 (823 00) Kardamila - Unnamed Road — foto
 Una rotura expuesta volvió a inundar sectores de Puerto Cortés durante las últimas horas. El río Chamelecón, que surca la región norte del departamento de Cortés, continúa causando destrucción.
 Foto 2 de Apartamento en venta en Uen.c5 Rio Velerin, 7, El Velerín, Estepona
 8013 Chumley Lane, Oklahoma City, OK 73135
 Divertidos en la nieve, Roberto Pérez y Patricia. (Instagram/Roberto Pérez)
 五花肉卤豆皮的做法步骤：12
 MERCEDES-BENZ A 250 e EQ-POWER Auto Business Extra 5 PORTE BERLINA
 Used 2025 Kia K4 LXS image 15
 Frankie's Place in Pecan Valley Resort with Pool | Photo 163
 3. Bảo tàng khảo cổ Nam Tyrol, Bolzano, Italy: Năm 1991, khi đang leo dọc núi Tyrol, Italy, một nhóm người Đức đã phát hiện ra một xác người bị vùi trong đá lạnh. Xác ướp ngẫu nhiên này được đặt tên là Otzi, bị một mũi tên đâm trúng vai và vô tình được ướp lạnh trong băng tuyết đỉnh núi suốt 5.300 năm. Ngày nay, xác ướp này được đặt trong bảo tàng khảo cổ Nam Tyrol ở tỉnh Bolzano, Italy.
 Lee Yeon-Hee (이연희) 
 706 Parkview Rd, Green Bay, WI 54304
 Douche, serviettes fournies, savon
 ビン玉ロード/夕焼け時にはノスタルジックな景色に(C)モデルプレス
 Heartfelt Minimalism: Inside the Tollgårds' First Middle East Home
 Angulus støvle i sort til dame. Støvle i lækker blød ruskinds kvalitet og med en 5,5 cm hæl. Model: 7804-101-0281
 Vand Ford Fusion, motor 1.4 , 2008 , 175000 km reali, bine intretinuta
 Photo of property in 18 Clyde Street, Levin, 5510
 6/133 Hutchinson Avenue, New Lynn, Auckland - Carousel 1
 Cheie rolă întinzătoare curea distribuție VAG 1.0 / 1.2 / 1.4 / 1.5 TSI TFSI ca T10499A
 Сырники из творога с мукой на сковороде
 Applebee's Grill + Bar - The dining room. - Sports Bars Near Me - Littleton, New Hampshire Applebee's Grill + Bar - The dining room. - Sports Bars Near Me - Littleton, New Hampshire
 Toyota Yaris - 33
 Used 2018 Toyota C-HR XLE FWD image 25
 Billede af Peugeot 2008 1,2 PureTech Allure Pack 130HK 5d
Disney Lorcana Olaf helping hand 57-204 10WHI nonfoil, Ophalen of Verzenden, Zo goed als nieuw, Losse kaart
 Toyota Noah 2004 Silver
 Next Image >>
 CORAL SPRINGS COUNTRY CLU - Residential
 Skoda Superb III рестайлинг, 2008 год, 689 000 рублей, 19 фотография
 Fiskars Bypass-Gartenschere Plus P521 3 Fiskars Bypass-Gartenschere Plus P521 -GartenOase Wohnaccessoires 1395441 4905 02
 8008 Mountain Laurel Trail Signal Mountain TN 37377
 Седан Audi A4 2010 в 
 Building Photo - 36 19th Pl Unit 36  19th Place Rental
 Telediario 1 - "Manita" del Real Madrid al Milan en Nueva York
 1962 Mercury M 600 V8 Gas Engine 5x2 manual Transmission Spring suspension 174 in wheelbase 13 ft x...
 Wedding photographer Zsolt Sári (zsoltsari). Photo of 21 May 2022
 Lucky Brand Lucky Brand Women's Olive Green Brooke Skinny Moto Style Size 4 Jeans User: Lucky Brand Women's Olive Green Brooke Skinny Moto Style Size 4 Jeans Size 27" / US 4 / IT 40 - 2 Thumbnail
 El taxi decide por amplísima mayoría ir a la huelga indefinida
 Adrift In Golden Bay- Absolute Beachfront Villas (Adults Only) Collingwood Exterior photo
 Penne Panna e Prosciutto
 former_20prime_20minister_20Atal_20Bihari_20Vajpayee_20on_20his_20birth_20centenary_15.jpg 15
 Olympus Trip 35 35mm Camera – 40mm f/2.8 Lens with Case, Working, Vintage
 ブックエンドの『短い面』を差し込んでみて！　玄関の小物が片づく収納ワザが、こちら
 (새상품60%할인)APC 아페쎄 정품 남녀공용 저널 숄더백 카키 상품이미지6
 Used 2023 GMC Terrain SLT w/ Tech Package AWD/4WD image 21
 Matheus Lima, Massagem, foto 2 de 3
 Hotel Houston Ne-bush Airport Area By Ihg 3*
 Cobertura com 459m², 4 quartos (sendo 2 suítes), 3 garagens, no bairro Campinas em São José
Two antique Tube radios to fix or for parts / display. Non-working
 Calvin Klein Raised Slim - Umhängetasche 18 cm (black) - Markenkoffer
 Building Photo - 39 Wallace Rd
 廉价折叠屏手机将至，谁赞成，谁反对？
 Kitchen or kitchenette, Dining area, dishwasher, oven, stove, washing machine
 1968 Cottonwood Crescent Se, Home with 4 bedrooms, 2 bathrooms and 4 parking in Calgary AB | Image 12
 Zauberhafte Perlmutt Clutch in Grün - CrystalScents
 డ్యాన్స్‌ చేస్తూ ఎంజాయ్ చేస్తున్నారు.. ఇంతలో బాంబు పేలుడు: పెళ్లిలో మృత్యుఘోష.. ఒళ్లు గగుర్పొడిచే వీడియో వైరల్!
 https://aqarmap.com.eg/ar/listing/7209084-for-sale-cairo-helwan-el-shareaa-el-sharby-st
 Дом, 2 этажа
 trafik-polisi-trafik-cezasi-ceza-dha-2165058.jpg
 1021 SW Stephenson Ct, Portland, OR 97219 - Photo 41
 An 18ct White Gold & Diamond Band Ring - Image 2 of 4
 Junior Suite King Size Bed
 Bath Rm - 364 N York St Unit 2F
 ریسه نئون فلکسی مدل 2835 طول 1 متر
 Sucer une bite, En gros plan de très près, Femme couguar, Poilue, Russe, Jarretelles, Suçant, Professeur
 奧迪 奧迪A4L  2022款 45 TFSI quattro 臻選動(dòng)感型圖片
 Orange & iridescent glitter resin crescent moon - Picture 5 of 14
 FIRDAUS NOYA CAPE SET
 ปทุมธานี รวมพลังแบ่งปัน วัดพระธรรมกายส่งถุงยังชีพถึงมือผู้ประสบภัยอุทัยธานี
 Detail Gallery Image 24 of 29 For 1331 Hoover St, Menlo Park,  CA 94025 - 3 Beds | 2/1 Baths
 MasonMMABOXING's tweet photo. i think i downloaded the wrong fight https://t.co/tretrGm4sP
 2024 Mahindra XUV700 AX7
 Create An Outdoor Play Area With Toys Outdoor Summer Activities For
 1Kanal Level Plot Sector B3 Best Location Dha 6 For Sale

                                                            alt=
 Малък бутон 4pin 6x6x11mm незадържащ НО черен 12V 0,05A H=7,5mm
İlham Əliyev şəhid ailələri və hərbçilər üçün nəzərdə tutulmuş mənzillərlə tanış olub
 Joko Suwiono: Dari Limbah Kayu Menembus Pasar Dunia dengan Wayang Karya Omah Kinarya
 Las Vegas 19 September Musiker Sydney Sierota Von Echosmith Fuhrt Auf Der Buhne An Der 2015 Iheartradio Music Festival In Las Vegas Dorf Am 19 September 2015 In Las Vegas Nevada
▬▬▬▬▬▬▬▬▬▬
**Task directions:** What is needed is a word-for-word copy of the records.

**Result below:**
 (823 00) Kardamila - Unnamed Road — foto
 Una rotura expuesta volvió a inundar sectores de Puerto Cortés durante las últimas horas. El río Chamelecón, que surca la región norte del departamento de Cortés, continúa causando destrucción.
 Foto 2 de Apartamento en venta en Uen.c5 Rio Velerin, 7, El Velerín, Estepona
 8013 Chumley Lane, Oklahoma City, OK 73135
 Divertidos en la nieve, Roberto Pérez y Patricia. (Instagram/Roberto Pérez)
 五花肉卤豆皮的做法步骤：12
 MERCEDES-BENZ A 250 e EQ-POWER Auto Business Extra 5 PORTE BERLINA
 Used 2025 Kia K4 LXS image 15
 Frankie's Place in Pecan Valley Resort with Pool | Photo 163
 3. Bảo tàng khảo cổ Nam Tyrol, Bolzano, Italy: Năm 1991, khi đang leo dọc núi Tyrol, Italy, một nhóm người Đức đã phát hiện ra một xác người bị vùi trong đá lạnh. Xác ướp ngẫu nhiên này được đặt tên là Otzi, bị một mũi tên đâm trúng vai và vô tình được ướp lạnh trong băng tuyết đỉnh núi suốt 5.300 năm. Ngày nay, xác ướp này được đặt trong bảo tàng khảo cổ Nam Tyrol ở tỉnh Bolzano, Italy.
 Lee Yeon-Hee (이연희) 
 706 Parkview Rd, Green Bay, WI 54304
 Douche, serviettes fournies, savon
 ビン玉ロード/夕焼け時にはノスタルジックな景色に(C)モデルプレス
 Heartfelt Minimalism: Inside the Tollgårds' First Middle East Home
 Angulus støvle i sort til dame. Støvle i lækker blød ruskinds kvalitet og med en 5,5 cm hæl. Model: 7804-101-0281
 Vand Ford Fusion, motor 1.4 , 2008 , 175000 km reali, bine intretinuta
 Photo of property in 18 Clyde Street, Levin, 5510
 6/133 Hutchinson Avenue, New Lynn, Auckland - Carousel 1
 Cheie rolă întinzătoare curea distribuție VAG 1.0 / 1.2 / 1.4 / 1.5 TSI TFSI ca T10499A
 Сырники из творога с мукой на сковороде
 Applebee's Grill + Bar - The dining room. - Sports Bars Near Me - Littleton, New Hampshire Applebee's Grill + Bar - The dining room. - Sports Bars Near Me - Littleton, New Hampshire
 Toyota Yaris - 33
 Used 2018 Toyota C-HR XLE FWD image 25
 Billede af Peugeot 2008 1,2 PureTech Allure Pack 130HK 5d
Disney Lorcana Olaf helping hand 57-204 10WHI nonfoil, Ophalen of Verzenden, Zo goed als nieuw, Losse kaart
 Toyota Noah 2004 Silver
 Next Image >>
 CORAL SPRINGS COUNTRY CLU - Residential
 Skoda Superb III рестайлинг, 2008 год, 689 000 рублей, 19 фотография
 Fiskars Bypass-Gartenschere Plus P521 3 Fiskars Bypass-Gartenschere Plus P521 -GartenOase Wohnaccessoires 1395441 4905 02
 8008 Mountain Laurel Trail Signal Mountain TN 37377
 Седан Audi A4 2010 в 
 Building Photo - 36 19th Pl Unit 36  19th Place Rental
 Telediario 1 - "Manita" del Real Madrid al Milan en Nueva York
 1962 Mercury M 600 V8 Gas Engine 5x2 manual Transmission Spring suspension 174 in wheelbase 13 ft x...
 Wedding photographer Zsolt Sári (zsoltsari). Photo of 21 May 2022
 Lucky Brand Lucky Brand Women's Olive Green Brooke Skinny Moto Style Size 4 Jeans User: Lucky Brand Women's Olive Green Brooke Skinny Moto Style Size 4 Jeans Size 27" / US 4 / IT 40 - 2 Thumbnail
 El taxi decide por amplísima mayoría ir a la huelga indefinida
 Adrift In Golden Bay- Absolute Beachfront Villas (Adults Only) Collingwood Exterior photo
 Penne Panna e Prosciutto
 former_20prime_20minister_20Atal_20Bihari_20Vajpayee_20on_20his_20birth_20centenary_15.jpg 15
 Olympus Trip 35 35mm Camera – 40mm f/2.8 Lens with Case, Working, Vintage
 ブックエンドの『短い面』を差し込んでみて！　玄関の小物が片づく収納ワザが、こちら
 (새상품60%할인)APC 아페쎄 정품 남녀공용 저널 숄더백 카키 상품이미지6
 Used 2023 GMC Terrain SLT w/ Tech Package AWD/4WD image 21
 Matheus Lima, Massagem, foto 2 de 3
 Hotel Houston Ne-bush Airport Area By Ihg 3*
 Cobertura com 459m², 4 quartos (sendo 2 suítes), 3 garagens, no bairro Campinas em São José
Two antique Tube radios to fix or for parts / display. Non-working
 Calvin Klein Raised Slim - Umhängetasche 18 cm (black) - Markenkoffer
 Building Photo - 39 Wallace Rd
 廉价折叠屏手机将至，谁赞成，谁反对？
 Kitchen or kitchenette, Dining area, dishwasher, oven, stove, washing machine
 1968 Cottonwood Crescent Se, Home with 4 bedrooms, 2 bathrooms and 4 parking in Calgary AB | Image 12
 Zauberhafte Perlmutt Clutch in Grün - CrystalScents
 డ్యాన్స్‌ చేస్తూ ఎంజాయ్ చేస్తున్నారు.. ఇంతలో బాంబు పేలుడు: పెళ్లిలో మృత్యుఘోష.. ఒళ్లు గగుర్పొడిచే వీడియో వైరల్!
 https://aqarmap.com.eg/ar/listing/7209084-for-sale-cairo-helwan-el-shareaa-el-sharby-st
 Дом, 2 этажа
 trafik-polisi-trafik-cezasi-ceza-dha-2165058.jpg
 1021 SW Stephenson Ct, Portland, OR 97219 - Photo 41
 An 18ct White Gold & Diamond Band Ring - Image 2 of 4
 Junior Suite King Size Bed
 Bath Rm - 364 N York St Unit 2F
 ریسه نئون فلکسی مدل 2835 طول 1 متر
 Sucer une bite, En gros plan de très près, Femme couguar, Poilue, Russe, Jarretelles, Suçant, Professeur
 奧迪 奧迪A4L  2022款 45 TFSI quattro 臻選動(dòng)感型圖片
 Orange & iridescent glitter resin crescent moon - Picture 5 of 14
 FIRDAUS NOYA CAPE SET
 ปทุมธานี รวมพลังแบ่งปัน วัดพระธรรมกายส่งถุงยังชีพถึงมือผู้ประสบภัยอุทัยธานี
 Detail Gallery Image 24 of 29 For 1331 Hoover St, Menlo Park,  CA 94025 - 3 Beds | 2/1 Baths
 MasonMMABOXING's tweet photo. i think i downloaded the wrong fight https://t.co/tretrGm4sP
 2024 Mahindra XUV700 AX7
 Create An Outdoor Play Area With Toys Outdoor Summer Activities For
 1Kanal Level Plot Sector B3 Best Location Dha 6 For Sale

                                                            alt=
 Малък бутон 4pin 6x6x11mm незадържащ НО черен 12V 0,05A H=7,5mm
İlham Əliyev şəhid ailələri və hərbçilər üçün nəzərdə tutulmuş mənzillərlə tanış olub
 Joko Suwiono: Dari Limbah Kayu Menembus Pasar Dunia dengan Wayang Karya Omah Kinarya
 Las Vegas 19 September Musiker Sydney Sierota Von Echosmith Fuhrt Auf Der Buhne An Der 2015 Iheartradio Music Festival In Las Vegas Dorf Am 19 September 2015 In Las Vegas Nevada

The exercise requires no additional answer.